● **What you are asked to do**:
Write down the listing again exactly as it appears below, without its pictures.

BEGIN Material for the task

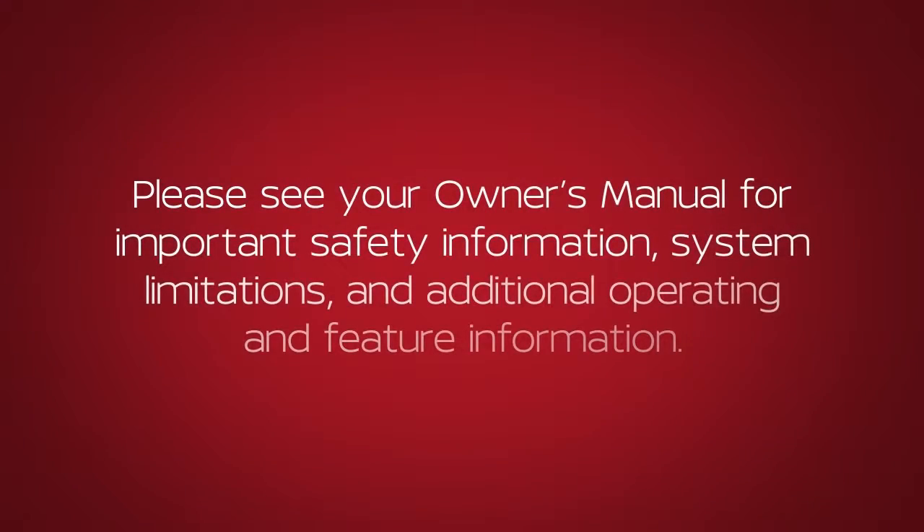Please see your Owner's Manual for important safety information, system limitations and additional operating and feature information.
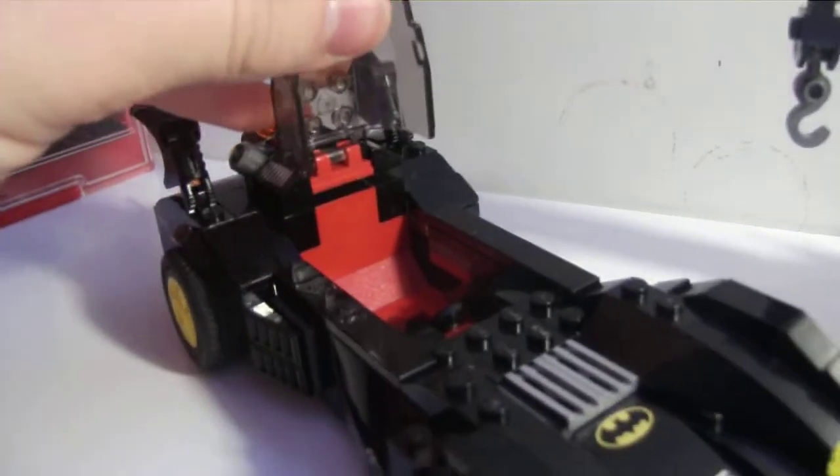The Batmobile — it's not as cool as the original one, I don't think. Batman can obviously fit inside it. It's got two flick fire missiles, which I hate, but whatever. In this set they actually did a nice job of blending them in. They fire out, and there are big flames in the back. It's pretty cool — a nice little car, just not as great as the original.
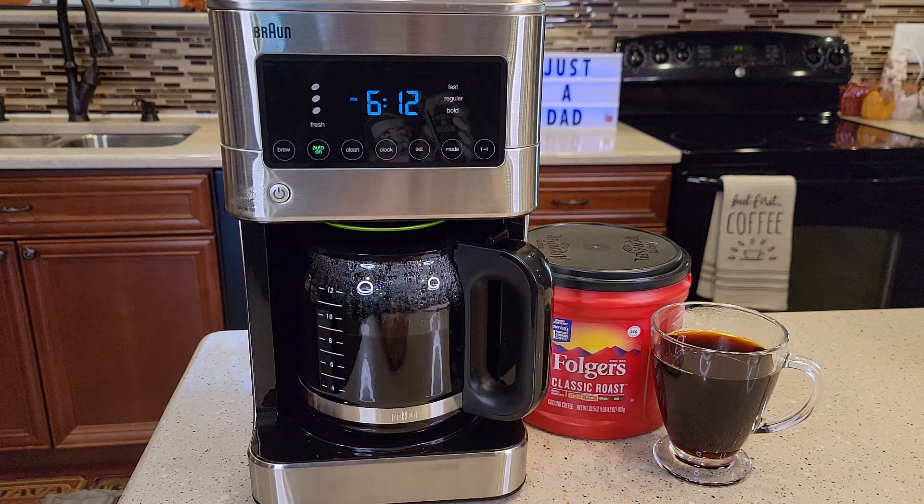So you may have seen your display say the word H2, H1, or H3. Braun coffee makers let you program the coffee maker according to how hard or soft your water is in your house. And you would have noticed this when you first plugged it in — it would have said H2. That's the default.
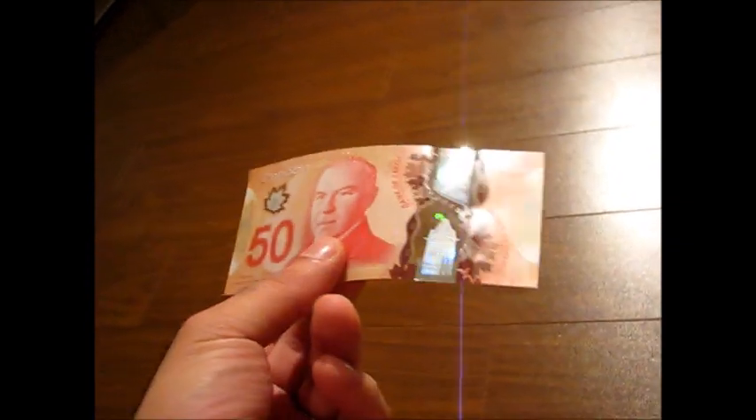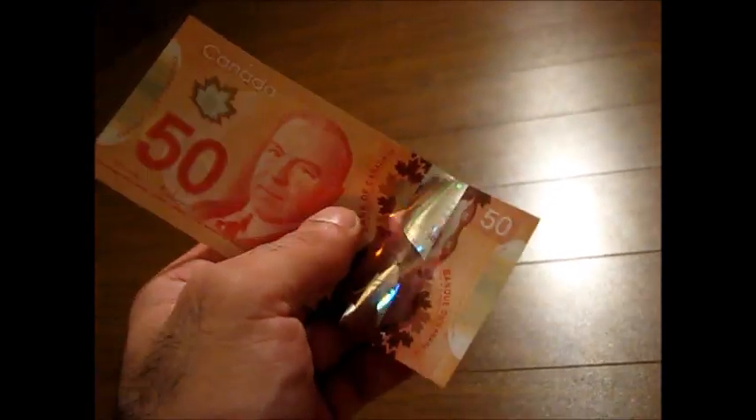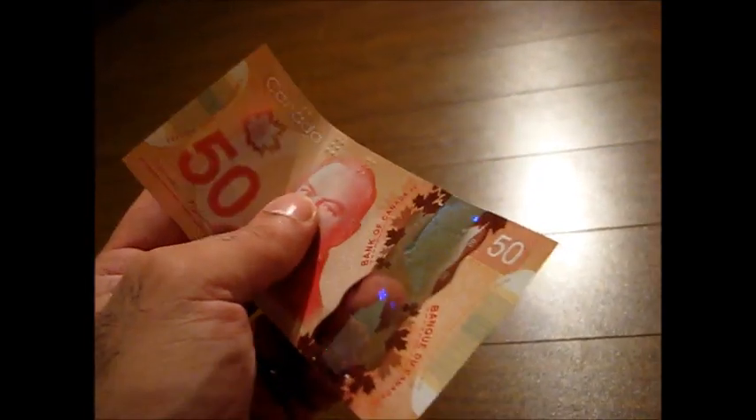I bet you have heard about the new $50 and $100 Canadian bills and their cool features. I was able to finally save enough to get a $50 bill — I wasn't able to save enough for a $100 bill. It has some cool stuff on it, like these transparent areas here and some other features I'm gonna show you.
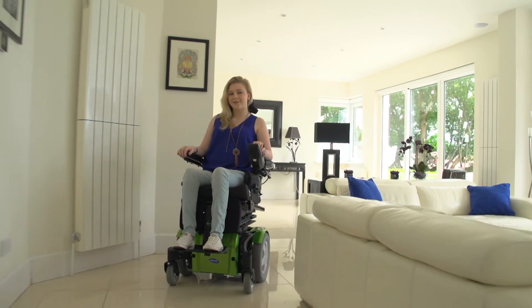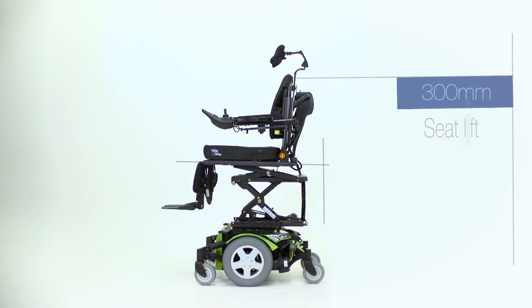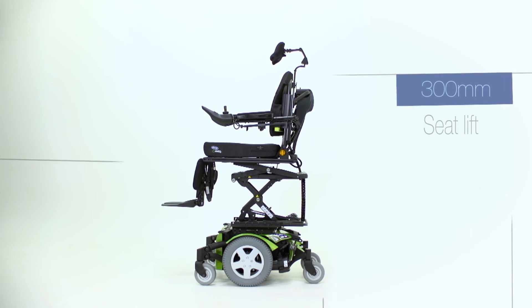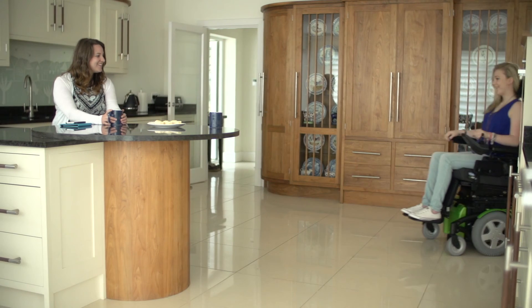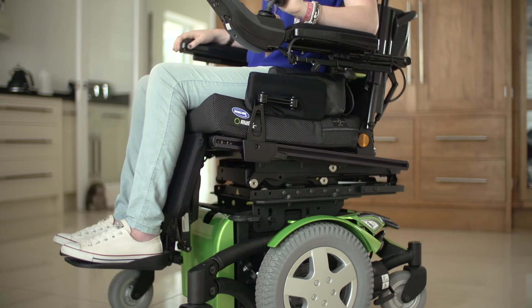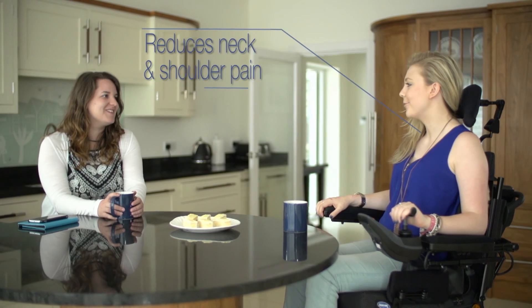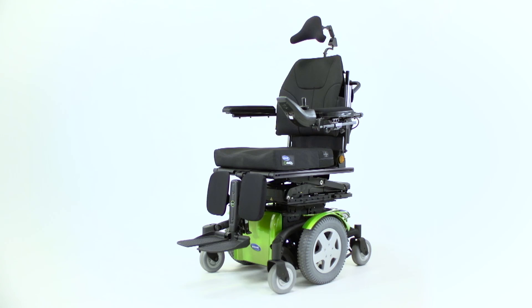This allows individuals to reach further and more fully interact with their environment. Being able to raise the seat up to 300mm allows individuals to more easily participate in eye-level communication. In addition, speech, swallowing and breathing all become more efficient due to the more natural position of the head and neck.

END Material for the task

● **Answer space**:
Please see your Owner's Manual for important safety information, system limitations and additional operating and feature information.
The Batmobile — it's not as cool as the original one, I don't think. Batman can obviously fit inside it. It's got two flick fire missiles, which I hate, but whatever. In this set they actually did a nice job of blending them in. They fire out, and there are big flames in the back. It's pretty cool — a nice little car, just not as great as the original.
So you may have seen your display say the word H2, H1, or H3. Braun coffee makers let you program the coffee maker according to how hard or soft your water is in your house. And you would have noticed this when you first plugged it in — it would have said H2. That's the default.
I bet you have heard about the new $50 and $100 Canadian bills and their cool features. I was able to finally save enough to get a $50 bill — I wasn't able to save enough for a $100 bill. It has some cool stuff on it, like these transparent areas here and some other features I'm gonna show you.
This allows individuals to reach further and more fully interact with their environment. Being able to raise the seat up to 300mm allows individuals to more easily participate in eye-level communication. In addition, speech, swallowing and breathing all become more efficient due to the more natural position of the head and neck.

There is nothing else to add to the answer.